Las cosas no estaban saliendo como fueron planeadas por quienes pensaban que a partir de 1992 la democracia y el Estado de derecho serían realidades plenas en El Salvador. En distintos estudios se ha señalado que se tomaron decisiones equivocadas en materia económica y social. Lo más grave fue la gestión económica que los gobiernos de ARENA hicieron en función de los “ricos más ricos de El Salvador”.
Pero, ¿no es un factor a considerar la debilidad institucional con la que se debían encarar los desafíos de la postguerra no sólo en el ámbito económico, político y legal, sino en el social?
Cabe la sospecha que en El Salvador de los noventa, como en tantas otras épocas de su historia, se abanderó un marco jurídico político ideal de transformación social que se olvidó de las dinámicas sociales (y económicas) reales, que terminaron por desbordar ese marco ideal. Veamos, por un lado, cómo era la sociedad salvadoreña que salía de la guerra; y, por otro, reflexionamos sobre la legitimidad de la institucionalidad estatal no sólo en el contexto de la guerra, sino una vez que ésta finalizó.

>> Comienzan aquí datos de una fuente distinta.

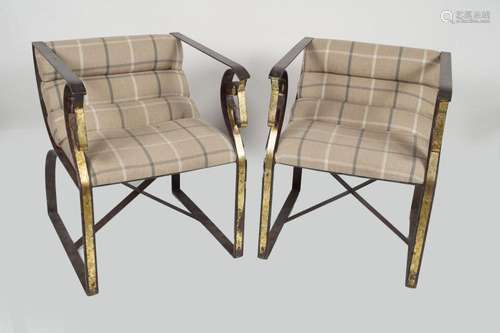 PAIR OF MID-CENTURY DESIGNER METAL CHAIRS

Se trataba de una sociedad, en cuyo seno se habían generado comportamientos y prácticas ajenas al autocontrol y el sentido de los límites. Dejando de lado a las comunidades de repobladores, cuyo vocación por la organización, la participación y la disciplina les eran imprescindibles para reiniciar su vida, ya fuera en sus comunidades de origen o en otras que el destino les deparó, en sectores medios urbanos y en sectores populares sin participación en la guerra las prácticas fuera de control se ponían de manifiesto, de manera alarmante, en los ámbitos privados y públicos.
En los años ochenta, esas prácticas –asociadas a las drogas y al consumo de alcohol— encontraban espacios donde realizarse, pese a la guerra. Es decir, en los años ochenta se incubó un submundo de actividades violentas e ilegales –competencias de carros, luchas callejeras, abusos contra los débiles, alardes de fuerza, prostitución, tráfico de armas y drogas, contrabando de vehículos— que aprovechaba las fisuras de una autoridad pública dedicada a la lucha contrainsurgente. De hecho, ese mundo era ocupado por agentes del orden –soldados policías y defensas civiles— de forma regular, lo mismo que por civiles, ya fuera como clientes o como “empresarios” de unos negocios que incluso en esos difíciles tiempos ya eran florecientes.